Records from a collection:
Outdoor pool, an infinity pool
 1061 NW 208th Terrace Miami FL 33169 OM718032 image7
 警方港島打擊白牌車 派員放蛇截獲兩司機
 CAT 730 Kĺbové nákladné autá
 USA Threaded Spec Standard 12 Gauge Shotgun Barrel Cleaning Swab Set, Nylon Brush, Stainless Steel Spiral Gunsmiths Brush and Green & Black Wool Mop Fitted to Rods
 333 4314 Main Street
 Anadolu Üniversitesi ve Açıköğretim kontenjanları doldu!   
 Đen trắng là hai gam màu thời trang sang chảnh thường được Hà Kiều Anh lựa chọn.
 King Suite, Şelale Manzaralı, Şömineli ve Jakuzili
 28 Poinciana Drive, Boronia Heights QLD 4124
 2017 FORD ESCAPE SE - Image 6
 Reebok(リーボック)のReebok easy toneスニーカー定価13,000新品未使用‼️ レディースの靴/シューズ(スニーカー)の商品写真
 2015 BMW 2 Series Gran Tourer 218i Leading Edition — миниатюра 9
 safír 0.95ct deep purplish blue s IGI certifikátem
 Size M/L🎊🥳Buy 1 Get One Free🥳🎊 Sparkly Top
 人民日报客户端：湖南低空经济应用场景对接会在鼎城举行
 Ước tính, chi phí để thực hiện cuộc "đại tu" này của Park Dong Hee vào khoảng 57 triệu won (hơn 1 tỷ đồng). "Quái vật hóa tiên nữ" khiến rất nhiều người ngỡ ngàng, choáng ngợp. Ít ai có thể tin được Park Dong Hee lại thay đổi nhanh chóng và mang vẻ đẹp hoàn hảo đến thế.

• What is needed:
Give back all the records above exactly. Keep every word.

• Result of this exercise:
Outdoor pool, an infinity pool
 1061 NW 208th Terrace Miami FL 33169 OM718032 image7
 警方港島打擊白牌車 派員放蛇截獲兩司機
 CAT 730 Kĺbové nákladné autá
 USA Threaded Spec Standard 12 Gauge Shotgun Barrel Cleaning Swab Set, Nylon Brush, Stainless Steel Spiral Gunsmiths Brush and Green & Black Wool Mop Fitted to Rods
 333 4314 Main Street
 Anadolu Üniversitesi ve Açıköğretim kontenjanları doldu!   
 Đen trắng là hai gam màu thời trang sang chảnh thường được Hà Kiều Anh lựa chọn.
 King Suite, Şelale Manzaralı, Şömineli ve Jakuzili
 28 Poinciana Drive, Boronia Heights QLD 4124
 2017 FORD ESCAPE SE - Image 6
 Reebok(リーボック)のReebok easy toneスニーカー定価13,000新品未使用‼️ レディースの靴/シューズ(スニーカー)の商品写真
 2015 BMW 2 Series Gran Tourer 218i Leading Edition — миниатюра 9
 safír 0.95ct deep purplish blue s IGI certifikátem
 Size M/L🎊🥳Buy 1 Get One Free🥳🎊 Sparkly Top
 人民日报客户端：湖南低空经济应用场景对接会在鼎城举行
 Ước tính, chi phí để thực hiện cuộc "đại tu" này của Park Dong Hee vào khoảng 57 triệu won (hơn 1 tỷ đồng). "Quái vật hóa tiên nữ" khiến rất nhiều người ngỡ ngàng, choáng ngợp. Ít ai có thể tin được Park Dong Hee lại thay đổi nhanh chóng và mang vẻ đẹp hoàn hảo đến thế.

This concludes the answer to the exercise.